Thanks for your submission to the Software Bazaar! As described by our open source statement, do you have the source code for your project available? Thank you!

david-lazarus commented 7 years ago

source code - never specifically discussed with Johan before but I’m sure he’d be happy to share e.g. the website code with anyone who is interested- they just should ask him. He writes the code assuming his own understanding so it might be a bit cryptic to others. The database definition is summarized in our poster but we can also share that. We already give direct read-only access to the database to anyone who wants it - they can thus see and copy the ddl should they be interested. Johan has put some other projects on github so maybe he can do that too with the database code. But at the moment he is in France (defending democracy in the elections there) so we’ll have to take it up with him later, e.g. July.

cheers dave

David Lazarus david.lazarus@mfn-berlin.de Museum für Naturkunde Invalidenstrasse 43 10115 Berlin

daisieh commented 7 years ago

Hi David,

Unfortunately, we can't accept entries into the Software Bazaar that don't adhere to our open source statement, but if you're interested, we'd love to hear about your work in a Lightning Talk instead. We strongly encourage you to encourage Johan to develop and release his code publicly on Github or similar in the future as well!

Thanks, Daisie (on behalf of the organizing committee)

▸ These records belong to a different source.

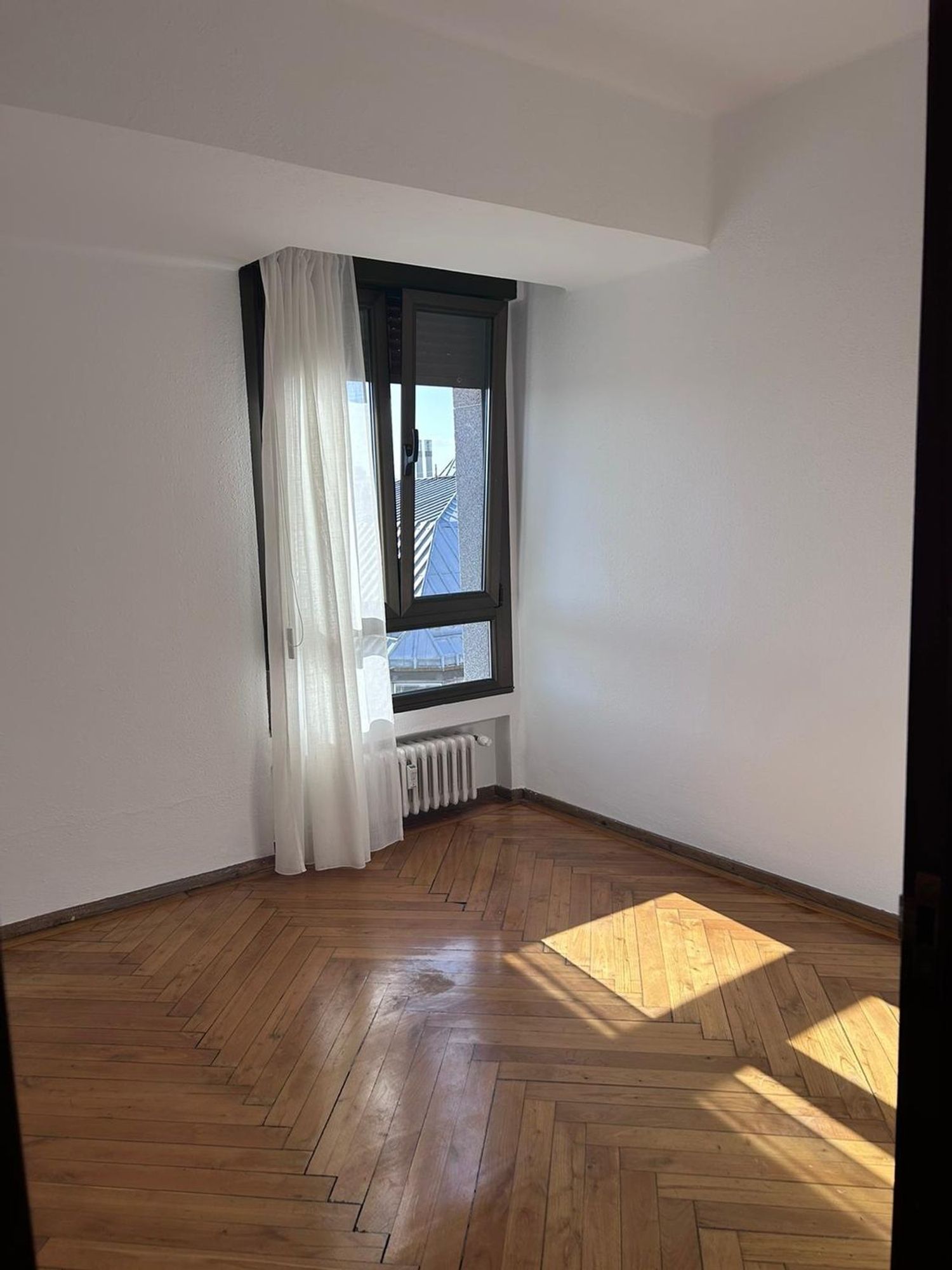 Piso en calle Santa Teresa, 20 - Foto 4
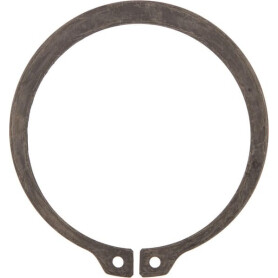 Circlip UNIVERSEL 47158P001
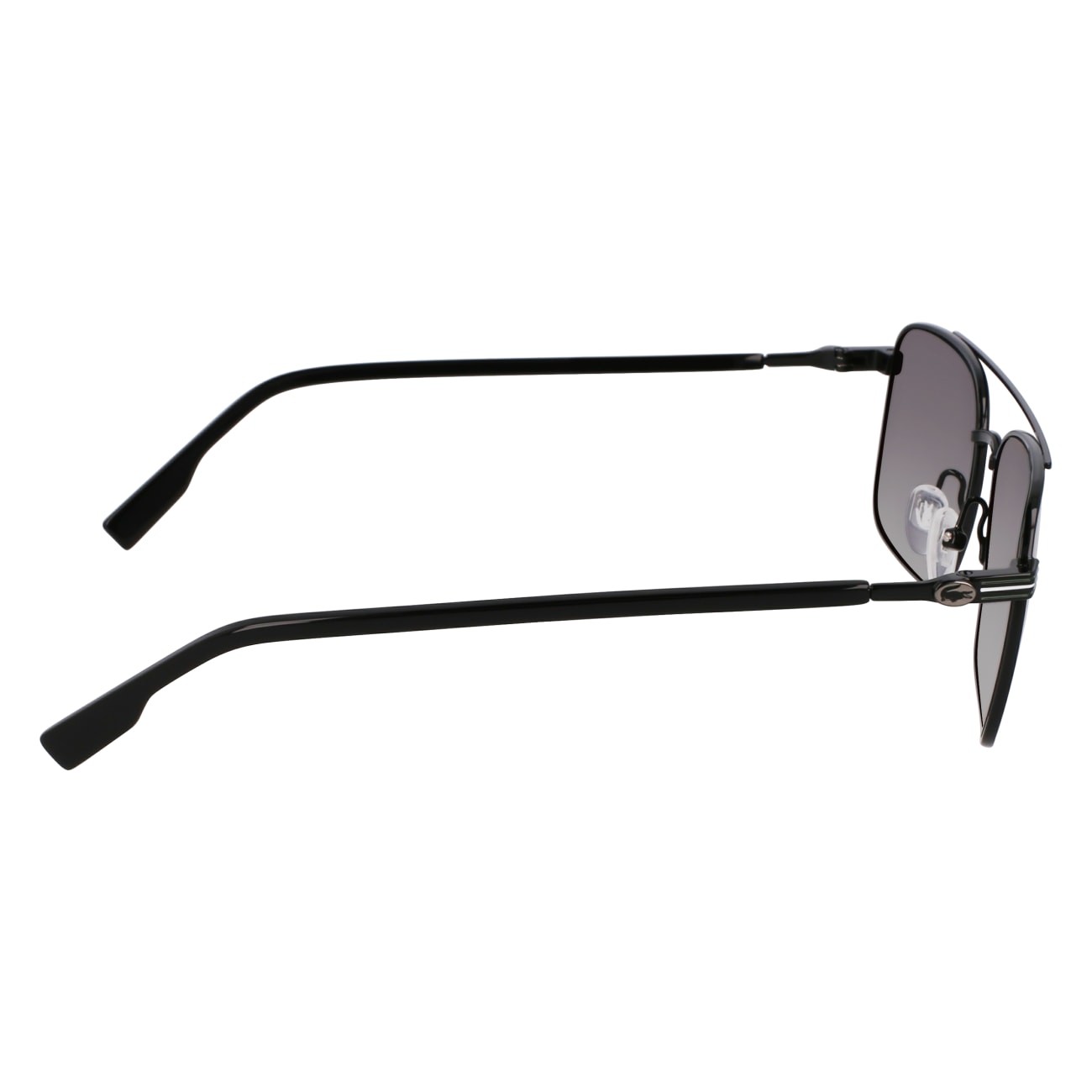 Lacoste L264S 001 58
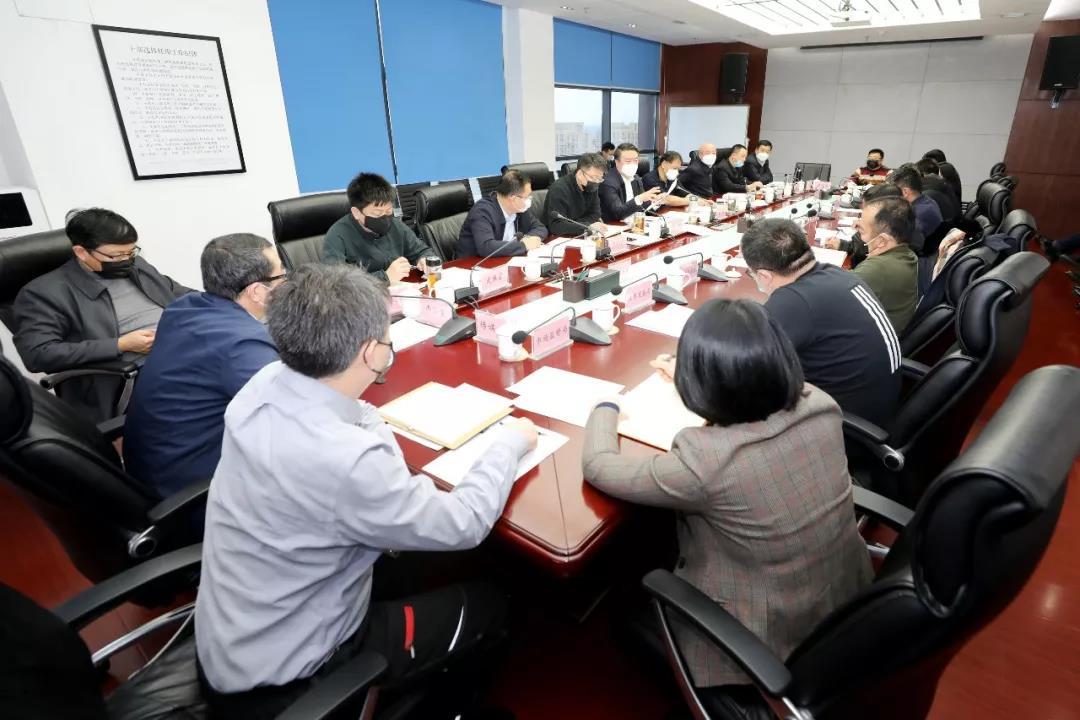 沈阳疫情防控最新政策/沈阳疫情控制政策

david-lazarus commented 7 years ago

Hi,

Software Bazaar vs Lightning Talk - what precisely is the difference, other than a few minutes reserved talk time? I assume I am allowed to show the database and discuss it freely regardless?

cheers, dave

daisieh commented 7 years ago

There is no interactive demo associated with the lightning talk, you'd just present a short talk about your database. You could do a brief demo as part of the talk, but it'd be hard to squeeze that in in 5 minutes.

david-lazarus commented 7 years ago

Hi Daisy,

Well, there is already a poster on the database at the main meeting, and a re-check of the iEvoBio schedule seems not to offer alternatives to the suggested (IMHO, for our purposes limited) lightning talk. Thus I’ve decided to skip the iEvoBio session.

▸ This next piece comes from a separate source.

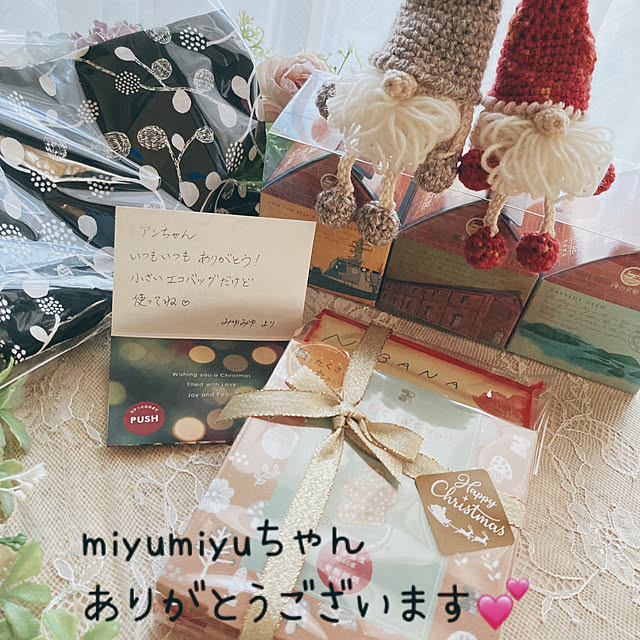angeliqueさんの実例写真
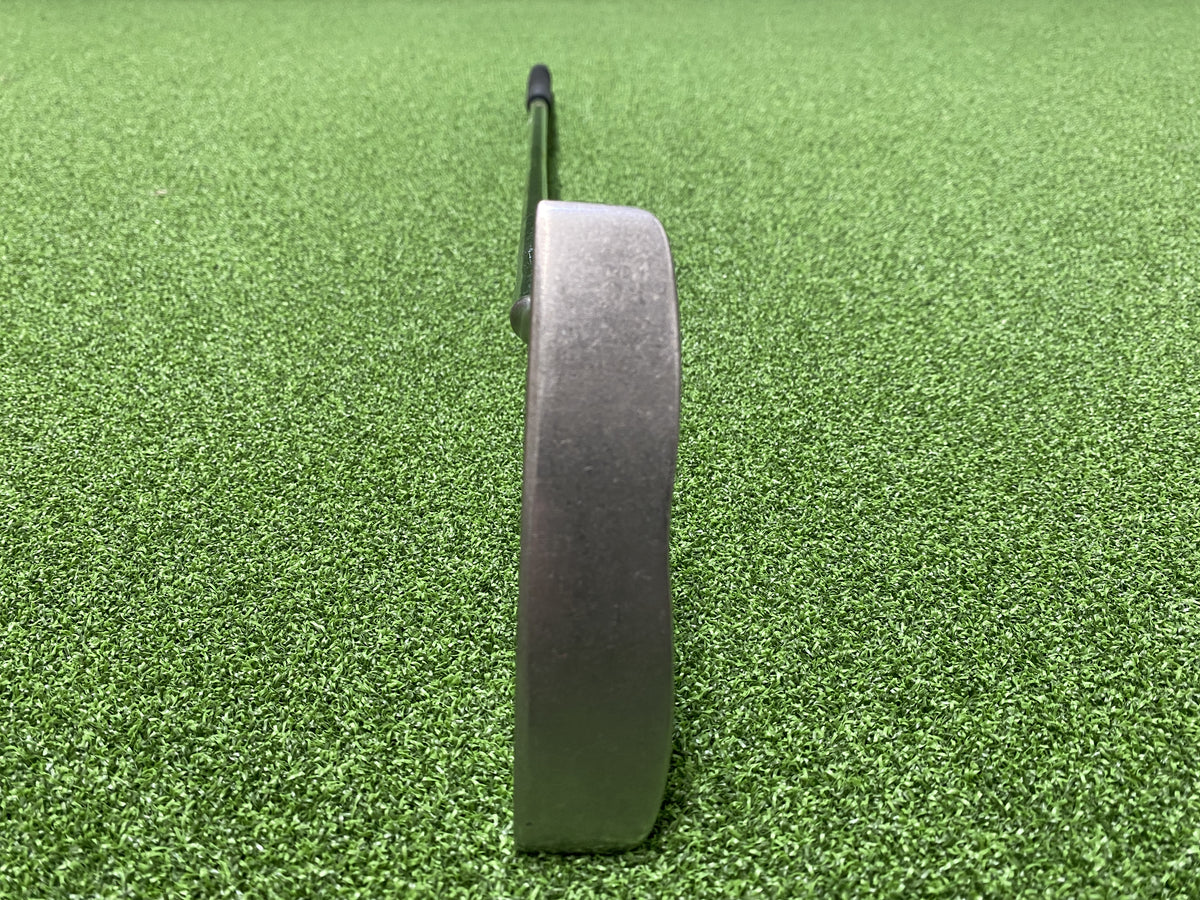 Ping Eye 2 34' Putter *Excellent Condition*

I had thought the main point of the meeting was simply informal exchange of information at various levels about evolution software and was open to people working in different areas of science, and in different ways. There are in fact - perhaps not in your neck of the woods but elsewhere in science - large bodies of important software that are either, like ours, mostly informally shared, but not posted somewhere; or restricted in some way (most large science organisations SFAIK do not post all the code behind their public websites); up to and including closed commercial software which is often the only way to fund the programmer(s) so the software remains available to the community. There are many valid models that are used to support science software development. Yours is the first time in my 30+ year involvement with science software that pre-posted code has been a requirement for a meeting. Perhaps you should consider in the future being more open to these alternate ways of working - you’ll communicate with more people that way (and be putting the support of software development at the top of the priority list).

Good luck with your meeting tho.

Regards,

Dave Lazarus

k8hertweck commented 7 years ago

Thanks for sharing your concerns. We acknowledge that there are other ways software is developed and supported, but iEvoBio has been committed to open source since its inception, and we'll endeavor to be as clear about them as possible.